*EXERCISE REQUIREMENTS*. Beginning with the line that holds "Nicks Marcantes_ 4561" and finishing with the line that holds "This St. Louis", repeat the listing exactly, leaving every picture out.

*RECORDS SUPPLIED*.
_ _ _ _

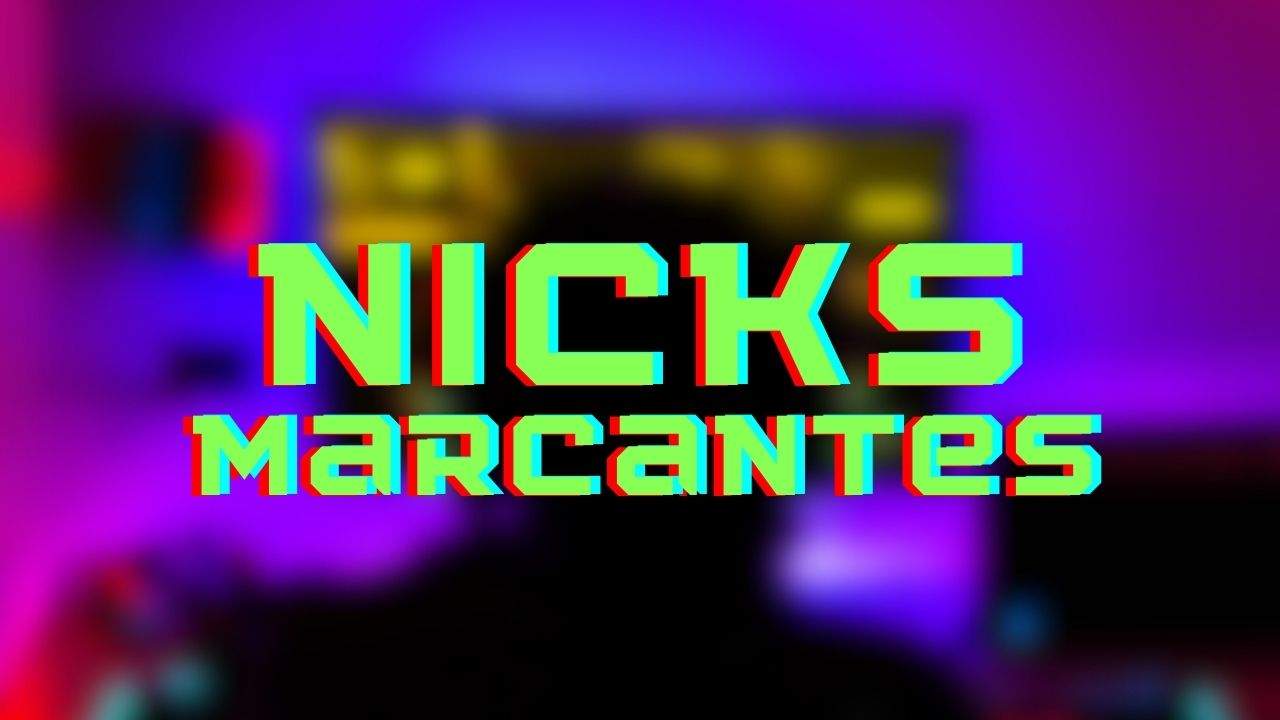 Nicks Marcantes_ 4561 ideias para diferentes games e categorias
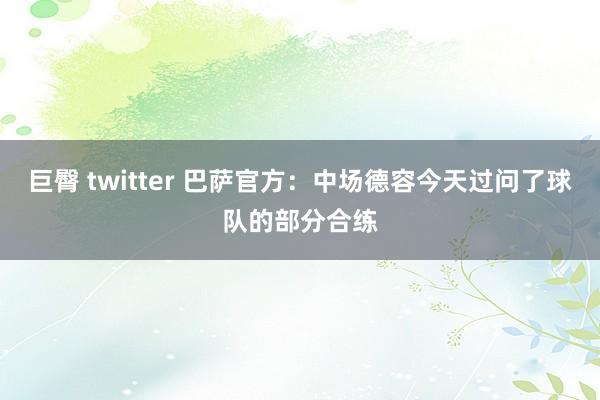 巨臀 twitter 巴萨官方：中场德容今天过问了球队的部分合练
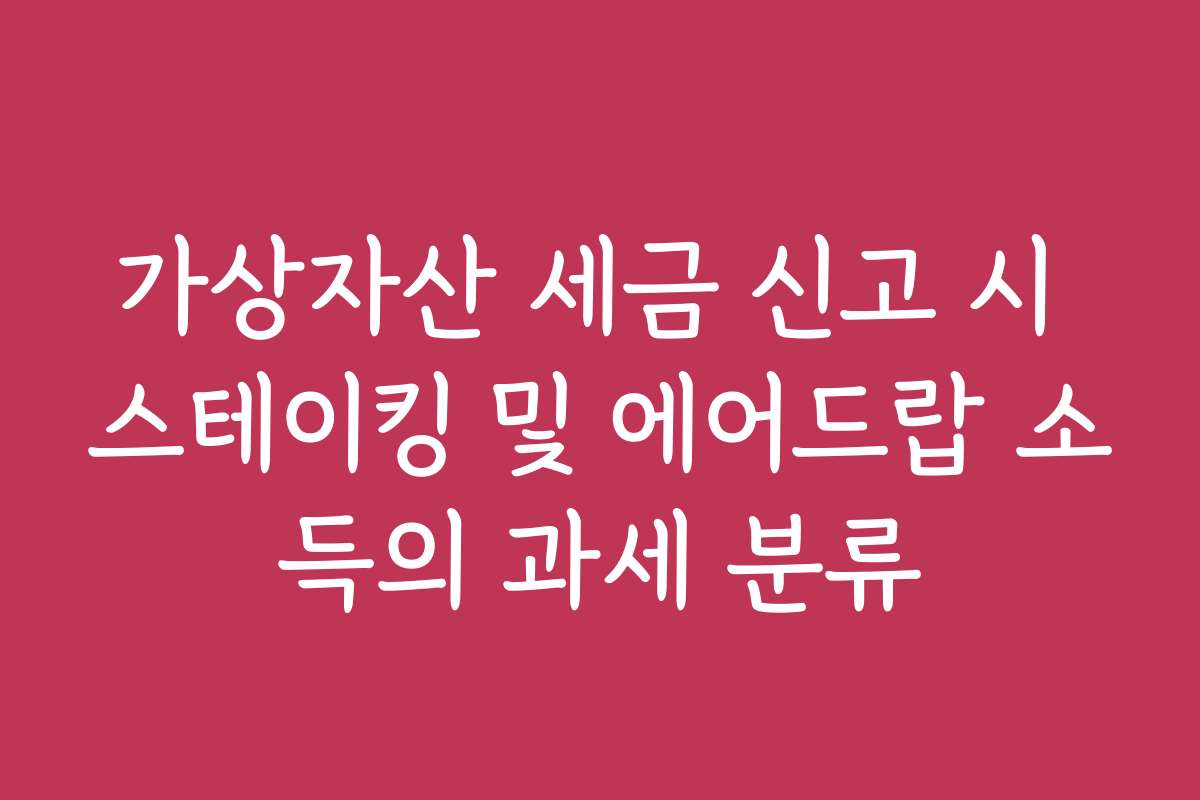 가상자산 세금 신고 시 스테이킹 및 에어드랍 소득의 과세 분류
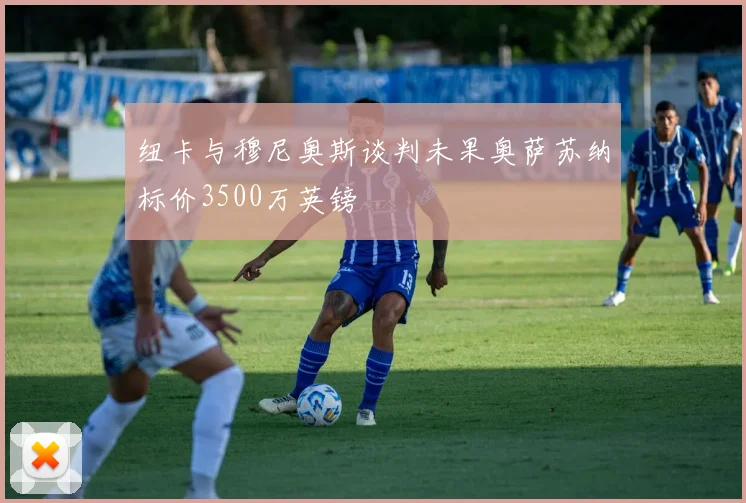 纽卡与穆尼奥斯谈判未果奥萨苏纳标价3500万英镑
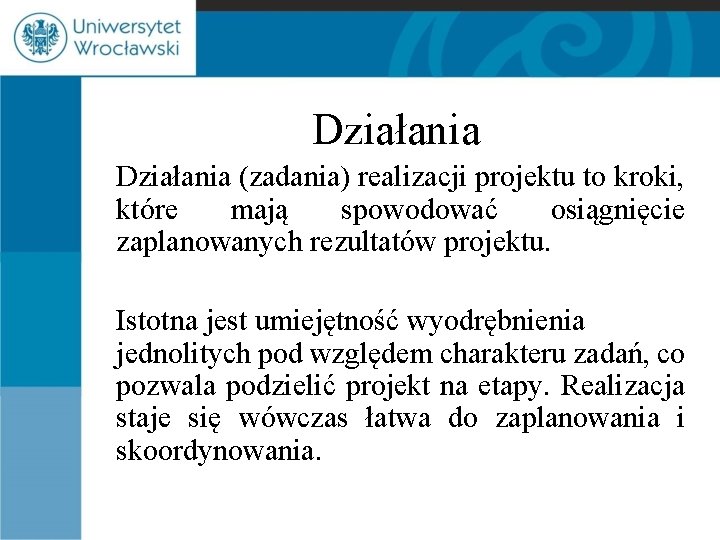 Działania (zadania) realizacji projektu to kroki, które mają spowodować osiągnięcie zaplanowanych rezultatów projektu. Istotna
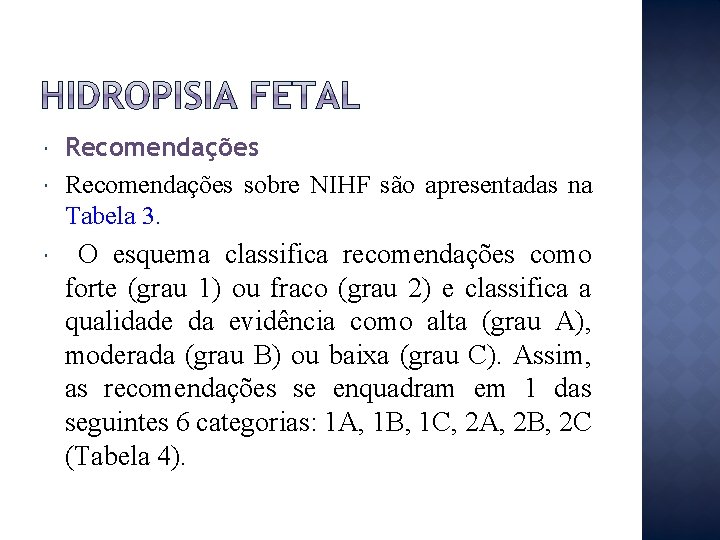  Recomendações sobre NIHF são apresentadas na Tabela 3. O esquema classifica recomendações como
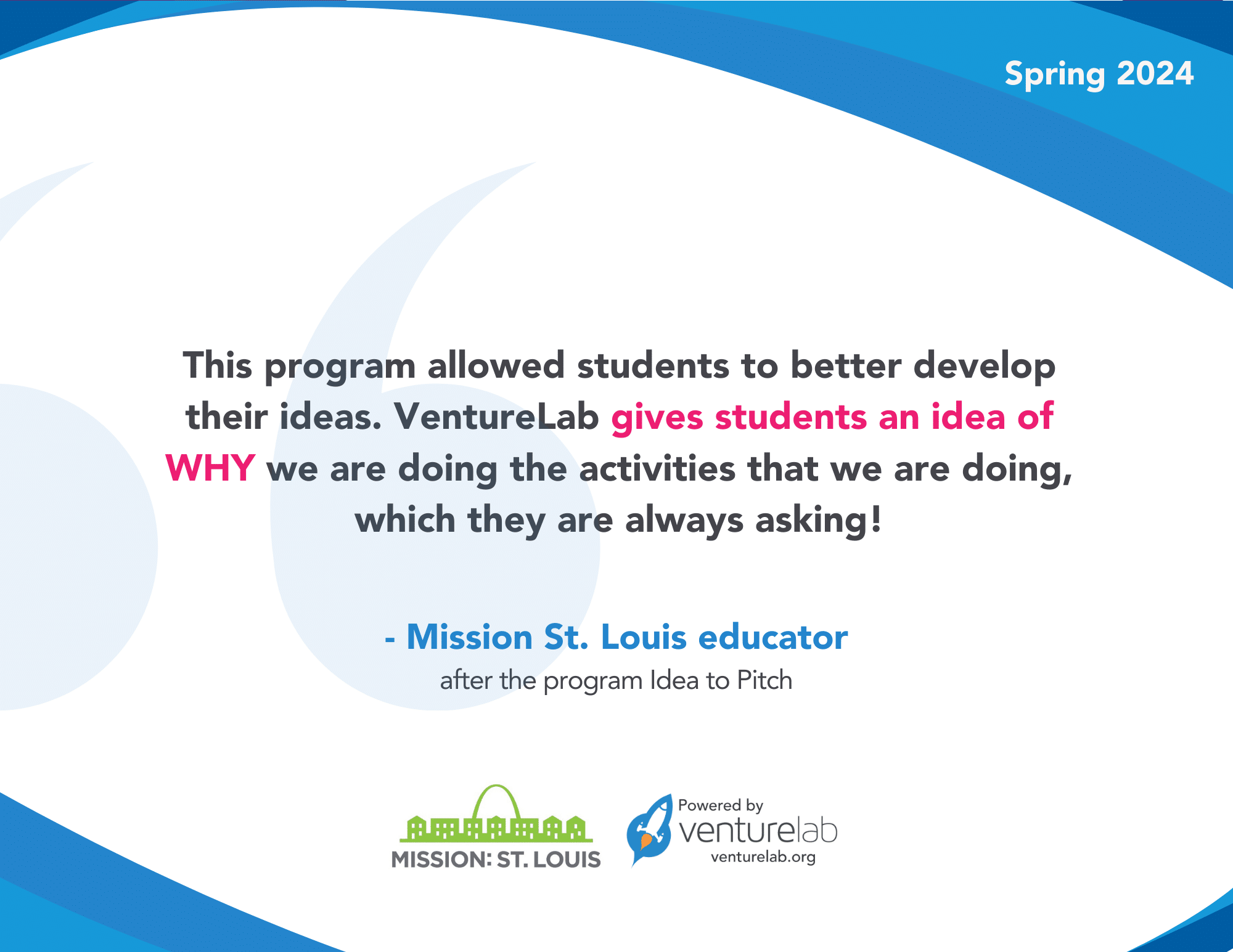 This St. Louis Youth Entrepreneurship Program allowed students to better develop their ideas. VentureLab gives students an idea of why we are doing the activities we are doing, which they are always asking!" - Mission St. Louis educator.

_ _ _ _

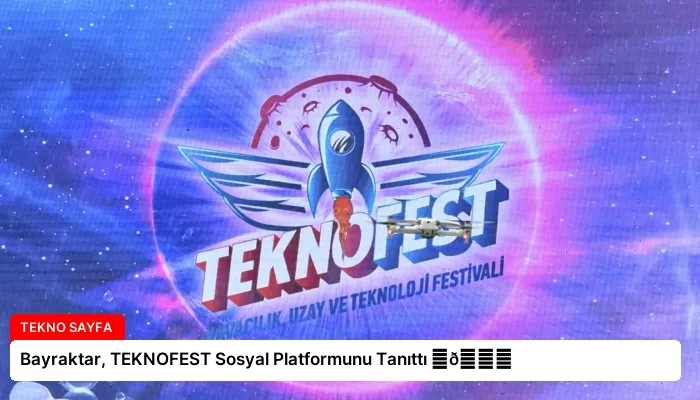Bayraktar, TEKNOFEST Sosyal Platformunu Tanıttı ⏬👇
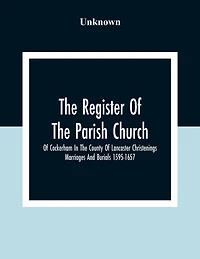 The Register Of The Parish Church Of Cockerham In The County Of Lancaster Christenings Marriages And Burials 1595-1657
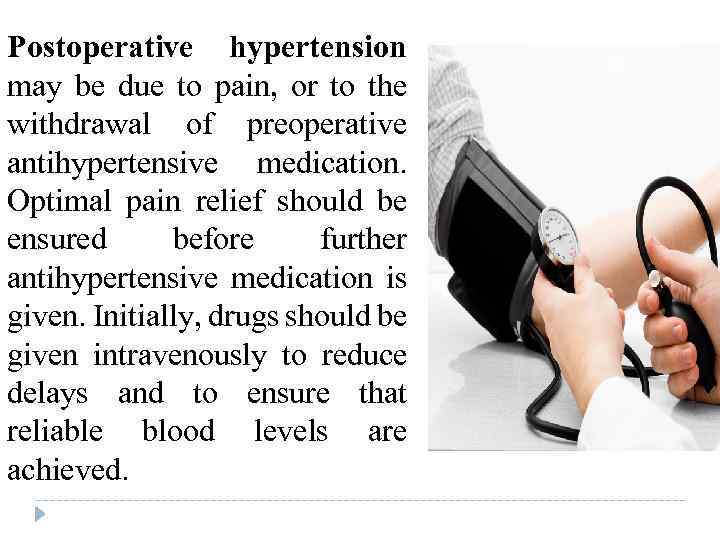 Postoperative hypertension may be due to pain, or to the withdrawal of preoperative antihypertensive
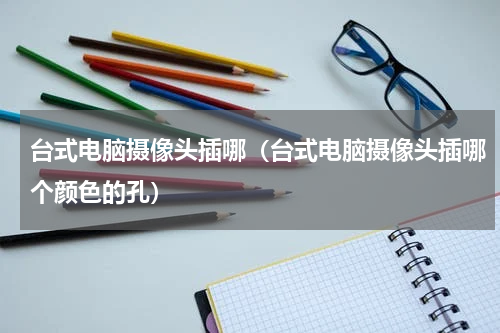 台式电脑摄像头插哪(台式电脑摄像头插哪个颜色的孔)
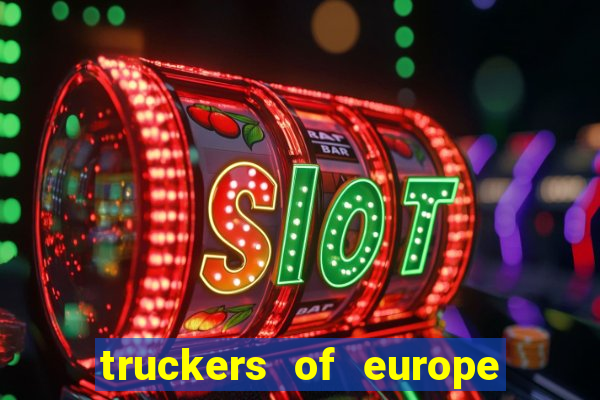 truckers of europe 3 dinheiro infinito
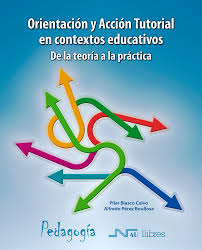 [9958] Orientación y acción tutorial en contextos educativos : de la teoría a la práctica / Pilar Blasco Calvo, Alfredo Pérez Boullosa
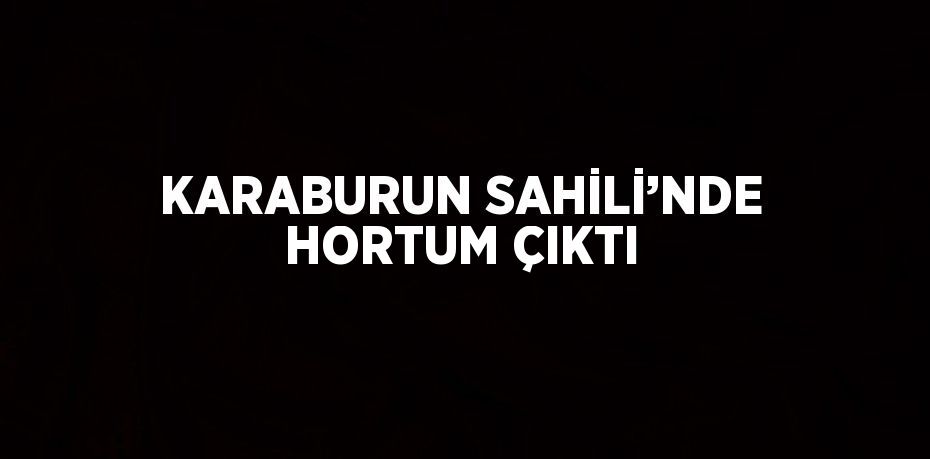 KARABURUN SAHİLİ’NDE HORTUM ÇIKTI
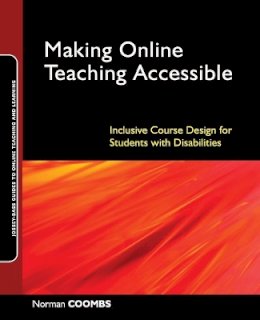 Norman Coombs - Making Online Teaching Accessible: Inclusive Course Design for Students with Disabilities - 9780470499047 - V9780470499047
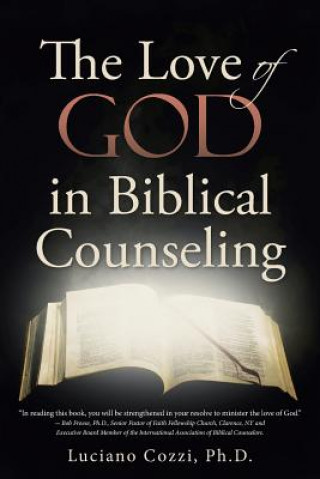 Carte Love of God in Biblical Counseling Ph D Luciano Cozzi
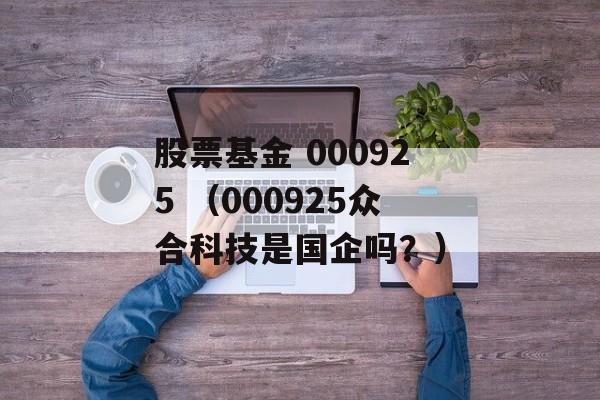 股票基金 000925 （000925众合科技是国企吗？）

_ _ _ _

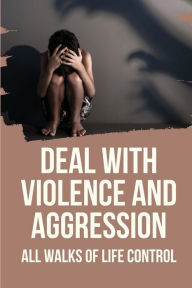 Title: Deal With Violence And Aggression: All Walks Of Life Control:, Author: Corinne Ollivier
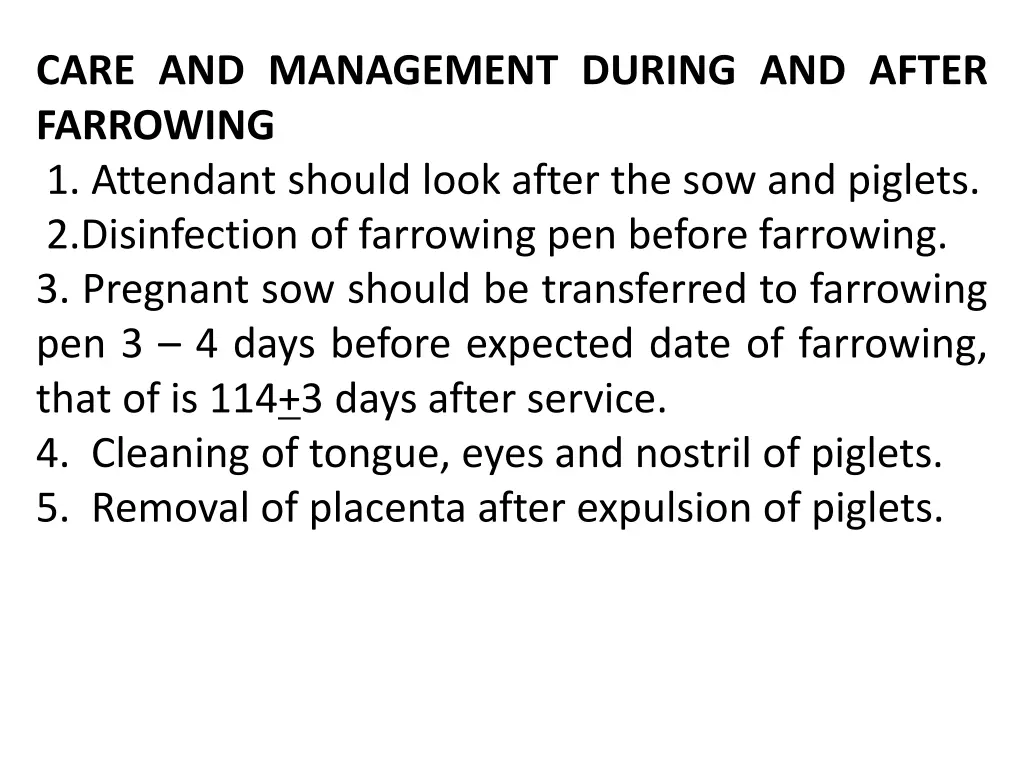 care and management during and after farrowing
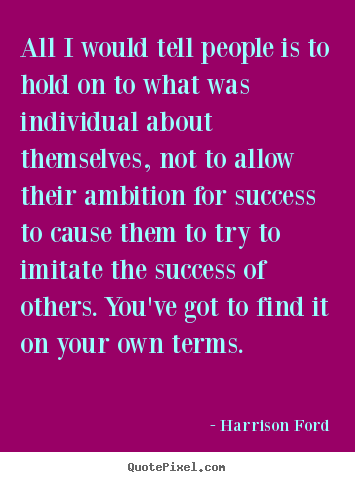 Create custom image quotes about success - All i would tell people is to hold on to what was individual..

_ _ _ _

*SOLUTION TO THIS PROBLEM*.
 Nicks Marcantes_ 4561 ideias para diferentes games e categorias
 巨臀 twitter 巴萨官方：中场德容今天过问了球队的部分合练
 가상자산 세금 신고 시 스테이킹 및 에어드랍 소득의 과세 분류
 纽卡与穆尼奥斯谈判未果奥萨苏纳标价3500万英镑
 Działania (zadania) realizacji projektu to kroki, które mają spowodować osiągnięcie zaplanowanych rezultatów projektu. Istotna
  Recomendações sobre NIHF são apresentadas na Tabela 3. O esquema classifica recomendações como
 This St. Louis Youth Entrepreneurship Program allowed students to better develop their ideas. VentureLab gives students an idea of why we are doing the activities we are doing, which they are always asking!" - Mission St. Louis educator.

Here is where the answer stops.